Berlin - Politiker aus Regierungs- wie aus Oppositionsparteien haben im Gespräch mit dem Tagesspiegel kritisiert, dass es ein Jahr nach Inkrafttreten des Zuwanderungsgesetzes noch immer die Praxis der so genannten Kettenduldungen gibt. Rund 50 000 in Deutschland geduldete Menschen hangeln sich seit mehr als zehn Jahren mit Hilfe dieser, zum Teil nur einen Monat geltenden Bescheide durchs Leben.

Berlin - Politiker aus Regierungs- wie aus Oppositionsparteien haben im Gespräch mit dem Tagesspiegel kritisiert, dass es ein Jahr nach Inkrafttreten des Zuwanderungsgesetzes noch immer die Praxis der so genannten Kettenduldungen gibt.

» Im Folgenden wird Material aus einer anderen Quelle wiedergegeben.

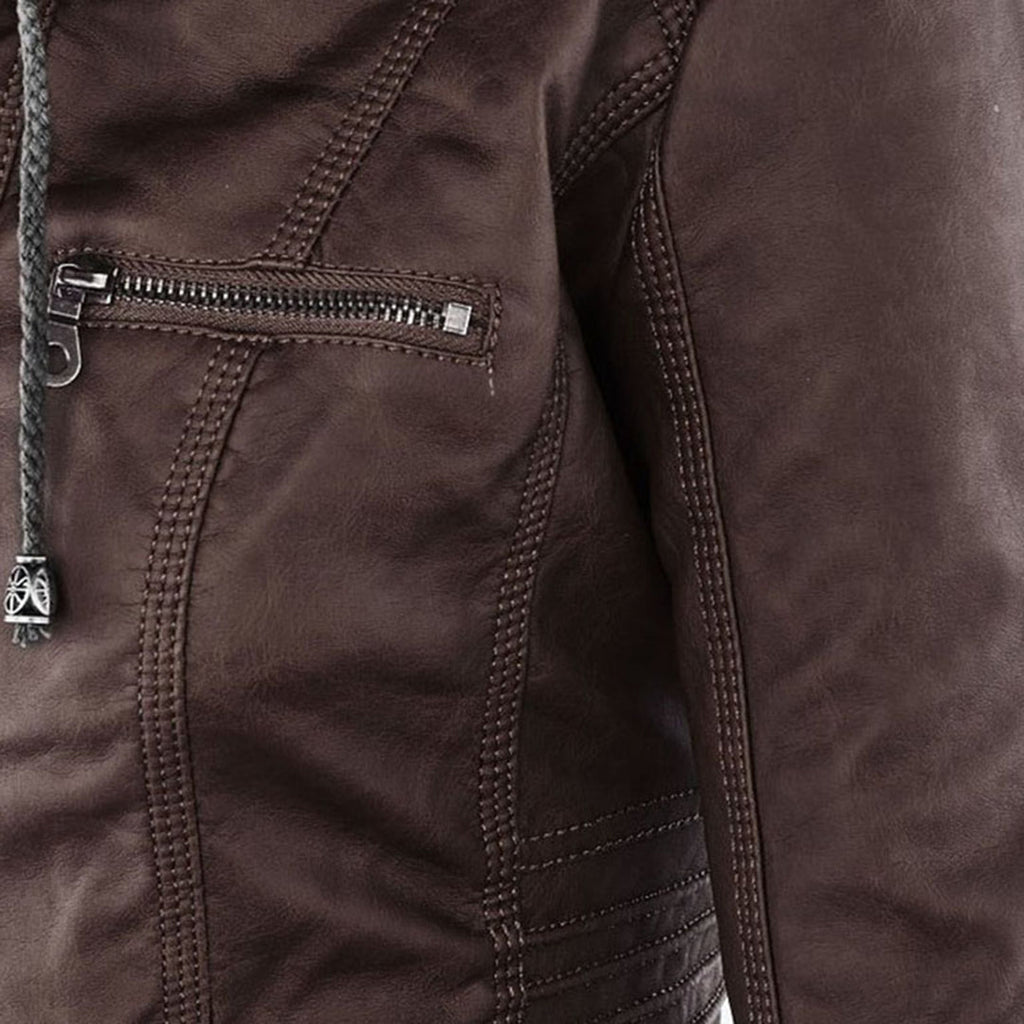 Angélica - Chaqueta de Piel con Capucha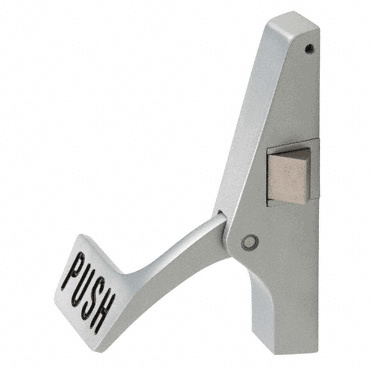 CRL Jackson® Satin Aluminum Active Right Side Body Arm and Paddle Assembly for Jackson® RHRB 1095P Series Crossbar Rim Panic Exit Device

Rund 50 000 in Deutschland geduldete Menschen hangeln sich seit mehr als zehn Jahren mit Hilfe dieser, zum Teil nur einen Monat geltenden Bescheide durchs Leben. Diese Verfahrensweise hätte eigentlich mehr oder weniger verschwinden sollen. Während der Verhandlungen über das neue Zuwanderungsgesetz war sogar die Rede davon, dass rund 80 Prozent der Betroffenen künftig einen sicheren Aufenthaltsstatus bekommen sollten.

Trotzdem gibt es „die Kettenduldungen immer noch“, kritisiert CDU-Innenexperte Wolfgang Bosbach. Wer „es nicht zu vertreten hat“, dass er von Duldung zu Duldung vertröstet wird, also Menschen, die ihren Pass nicht weggeworfen haben oder auf andere Weise eine Abschiebung zu verhindern versuchen, sollte „eine Aufenthaltsperspektive erhalten“. Offenbar gebe es in den Verwaltungen aber teilweise andere Auffassungen oder die neuen Verwaltungsvorschriften seien erst spät erlassen worden, vermutet er.

Der Grünen- Innenexperte Volker Beck betont, bei den humanitären Wirkungen des Gesetzes hätten „unsere Prognosen und Befürchtungen Recht bekommen“. Er wirft Ex-Innenminister Otto Schily (SPD) vor, „die Intention des Gesetzes mit den Hinweisen zur Verwaltungspraxis aus seinem Haus hintertrieben“ zu haben. Auch SPD-Innenpolitiker Dieter Wiefelspütz kritisiert die „rigide Verwaltungspraxis“ in den Ländern und kündigt an: „Das werden wir korrigieren müssen.“

Kritik kommt auch vom FDP-Innenexperten Max Stadler. Er lobt aber andererseits, dass immerhin 13 Länder Härtefallkommissionen eingeführt hätten, auch wenn „diese nicht überall gleichermaßen befriedigend“ funktionierten. Hessen und Niedersachsen haben diese Aufgabe den Petitionsausschüssen übertragen, Bayern hat gleich ganz darauf verzichtet. Dagegen arbeitet in Baden-Württemberg seit drei Monaten eine neunköpfige Härtefallkommission. 200 von 800 Fällen hat sie bearbeitet, und in einem knappen Viertel hat sie ein Bleiberecht vorgeschlagen. In Brandenburg hat die Härtefallkommission in 50, in Berlin in 500 Fällen empfohlen, die Antragsteller nicht abzuschieben. In Rheinland-Pfalz waren es 88 Fälle, die von der Regelung profitiert haben. In Mecklenburg-Vorpommern ist dagegen nur eine Familie in den Genuss der Regelung gekommen.